L. ha iniziato presto a fare i conti con la vita.
Ha dovuto lottare, entrando e uscendo spesso dagli ospedali. È una donna forte.
Parla a raffica, e mi racconta i suoi progressi; il suo buon umore non lascia apparentemente spazio a tentennamenti né a paturnie, men che meno a lamentazioni o rivendicazioni.
L’ascolto e la guardo. In sottofondo, vedo la sua storia. Le battaglie che ha combattuto hanno forgiato un carattere resistente. Forse più resistente che resiliente, ma comunque onore al coraggio e alla forza d’animo. Ma quelle stesse risorse –come tutto nella vita, del resto- hanno avuto un costo, tutt’ora in pagamento. Quella forza sembra imprigionare le parti umane troppo umane, quelle fragili, vulnerabili. Che sono poi quelle che ci rendono più morbidi, flessibili, e spesso anche più empatici.

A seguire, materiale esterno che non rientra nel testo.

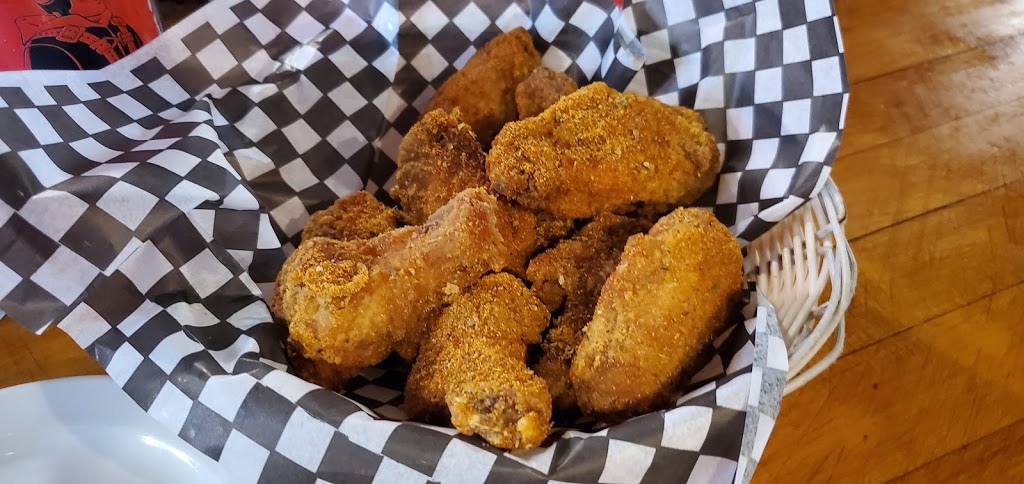 Careys Pub | 469 Bethune Dr N, Gravenhurst, ON P1P 1B8, Canada | Phone: (705) 687-9119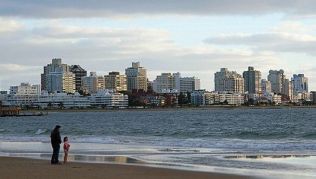 Urlaub in Argentinien mit Blick auf Punta del Este in Uruguay##Foto: Flickt.com;lonhorndave Urlaub in Argentinien mit Blick auf Punta del Este in Uruguay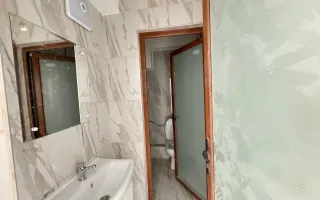 Spatii comerciale moderne de inchiriat, in cladire recent renovata - Poză 17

L. sembra una roccia: forte, e respingente; solida, e impenetrabile. Nell’estroversione e nel suo apparente buon umore suona qualche nota stonata, sopra le righe; suona il non potersi concedere alcuna debolezza, suona il leitmotiv “chi si ferma è perduto”. Esco da quella stanza portandomi dietro un senso di peso, nonostante le parole dette tutte positive. È il non detto che pesa. Le emozioni a cui lei non ha dato voce. Spero per lei che nella sua vita abbia un tempo e uno spazio per quelle parole, per quelle emozioni.
E penso al costo delle risorse. Tendiamo spesso a pensare che le risorse siano solo cose buone, lati positivi. Non è così. Costano, e non solo in termini di fatiche o sacrifici: quelli sono più evidenti.
Ci sono costi non così immediatamente percepibili, che però incidono fortemente sul bilancio, sull’equilibrio psicologico, e di cui è importante essere consapevoli. Perché la forza che mi tira fuori da un problema è la stessa che mi imprigiona in una situazione diversa. Ciò che abbiamo costruito ci dà una forma funzionale, ma che al tempo stesso ci limita. Siamo diventati magari forti martelli in grado di piantare chiodi nei muri più ostici, ma martelli assolutamente inadeguati quando serve avvitare viti. La corazza che mi ripara e mi salva la vita in battaglia, mi fa affogare in mare.
“L’attimo che rovina l’opera lenta di mesi
giunge: ora incrina segreto, ora divelge in un buffo.
Viene lo spacco; forse senza strepito.
Chi ha edificato sente la sua condanna.
È l’ora che si salva solo la barca in panna.”
(Montale, Ossi di seppia)
Anche le nostre debolezze ci possono salvare.
È importante provare a coltivare la flessibilità psicologica, e poter utilizzare più strumenti, diversi, a seconda dei momenti e delle situazioni.
È importante allenare le nostre forze, quali esse siano. E poi allenare un po’ anche il lasciarle andare, accogliere il sentirsi spaesati, perché altre risorse possano emergere, perché altre risorse possiamo allenare. Questa flessibilità, questa continua ricerca, è un percorso evolutivo necessario.
In fondo, è l’arte della vita, e la sua bellezza.
Che non dà troppo per scontato e ci ingaggia in un viaggio attraverso terre sempre nuove, quelle del nostro mondo interiore.